Le dessin de Mizuki joue sur de forts contrastes graphiques, les personnages ont une esthétique très « cartoon », avec des faciès comiques ou caricaturés alors que les décors ou les scènes de combat sont traitées de façon très minutieuse, dans un style hyperréaliste qui nous renvoie par cet aspect documentaire à la véracité des évènements. Les personnages, dessinés d’un trait fin, les corps d’un blanc pur, silhouettes dérisoires qui se distinguent étonnamment dans les contre-jours et les scènes nocturnes, n’en paraissent que plus égarés et plus humains, dans ce monde glacé de réalisme.

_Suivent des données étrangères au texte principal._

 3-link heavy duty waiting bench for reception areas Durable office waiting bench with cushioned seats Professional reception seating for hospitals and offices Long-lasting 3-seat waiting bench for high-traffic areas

Charge violente et sans concession contre la guerre et ceux qui l’ordonnent, ce manga est incontournable.
(*) Dans le titre original du livre Soin Gyokusai Seyo « tout le monde doit combattre jusqu’à la mort », il faut noter le terme Gyokusai, mission suicide (ou plus précisément : « se suicider collectivement pour rendre l’honneur à l’Empereur et au pays »). Ce terme n’a été utilisé que dans le contexte de la fin de la Seconde Guerre mondiale et plus particulièrement pendant la guerre du Pacifique pour désigner la « stratégie » de l’état major japonais.